TensorRef represents a specific tensor within a safetensors archive. It can be created standalone or obtained from a TensorMap.

  • constructor(name, bytes, format, shape): Creates a new TensorRef with the given properties.
  • parent: Getter that returns the parent TensorMap, if any.
  • name: Getter and setter for the tensor name. Setting the name will update it in the parent TensorMap if present.
  • removeIfParented(): Removes the tensor from its parent TensorMap, if it has one.
  • sanityCheck(): Performs sanity checks on the tensor, ensuring its size matches the declared shape and format.
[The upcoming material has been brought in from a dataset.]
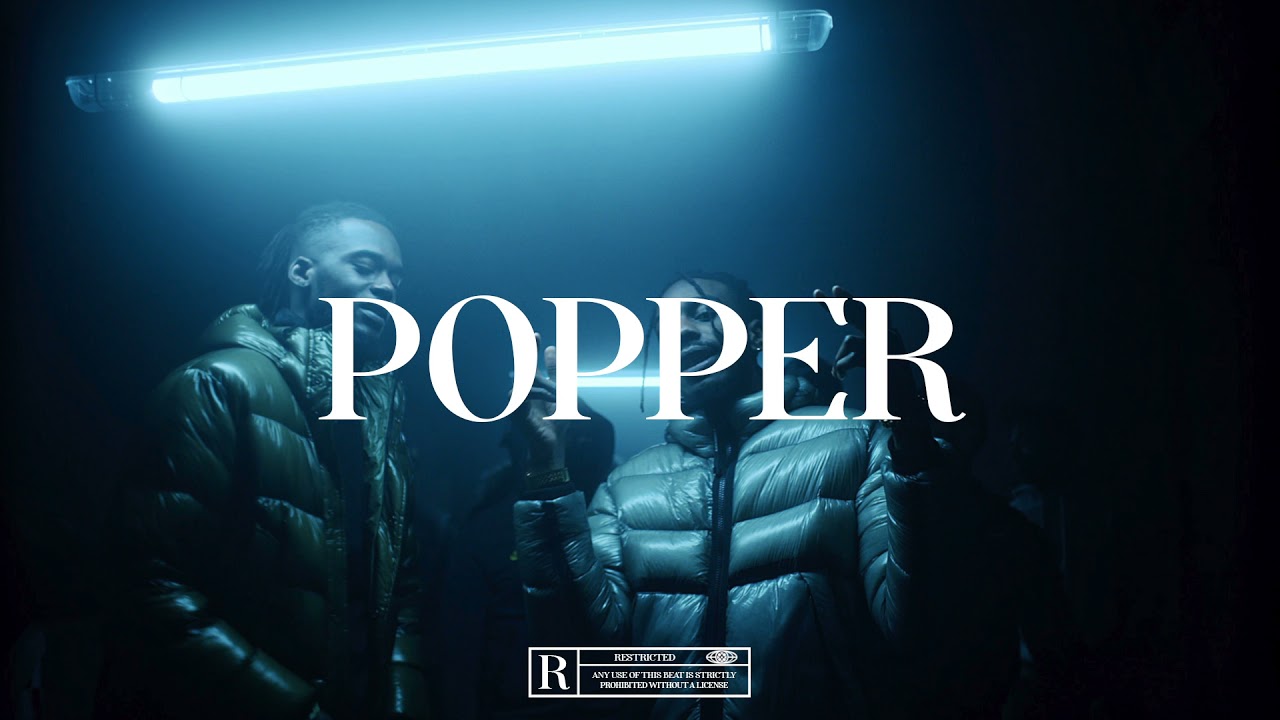 [FREE] Knucks x DC x Ambient Chill Lofi Sample Drill Type Beat ~ "POPPER"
Note: The bytes, format, and shape properties are read-only and can be accessed directly on the TensorRef instance.

parseSafeTensors

function parseSafeTensors(
  bytes: Uint8Array,
  ignoreInvalid?: boolean
): TensorMap;

Parses a safetensors file (as a Uint8Array) and returns a TensorMap containing the tensors and metadata stored in that file. If the file is not fully compliant with the spec, an error will be thrown. You can pass ignoreInvalid=true to attempt parsing anyway.

saveSafeTensors

function saveSafeTensors(tensorMap: TensorMap): Uint8Array;
function saveSafeTensors(
  tensorMap: TensorMap,
  write: (data: Uint8Array) => void
): undefined;

Generates the contents of a safetensors file from a given TensorMap. It can either return a Uint8Array containing the file contents or call a provided write function with chunks of data.

sanityCheckTensorsHeader

function sanityCheckTensorsHeader(
  ignoreInvalid: boolean,
  bytes: Uint8Array,
  filesize: number
): number;

Verifies that the header of a safetensors file seems legitimate. Returns the size of the JSON chunk that starts at offset 8.

unsafeGetHeaderSize

function unsafeGetHeaderSize(bytes: Uint8Array): number;

Retrieves the header size from the first 4 bytes of a safetensors file. This function is unsafe as it doesn't perform any checks.

sanityCheckTensorsParsed

function sanityCheckTensorsParsed(
  ignoreInvalid: boolean,
  j: Object,
  chunksize: number
): void;

Performs sanity checks on the parsed JSON content of a safetensors file.

sanityCheck

function sanityCheck(tensor: TensorRef): void;
function sanityCheck(bytes: Uint8Array, format: string, shape: number[]): void;

Performs sanity checks on a tensor, ensuring that its size matches its declared shape and format.

formatLength

function formatLength(format: string): number;

Returns the byte length of a given tensor format. This may be a fractional value for formats like 4-bit data.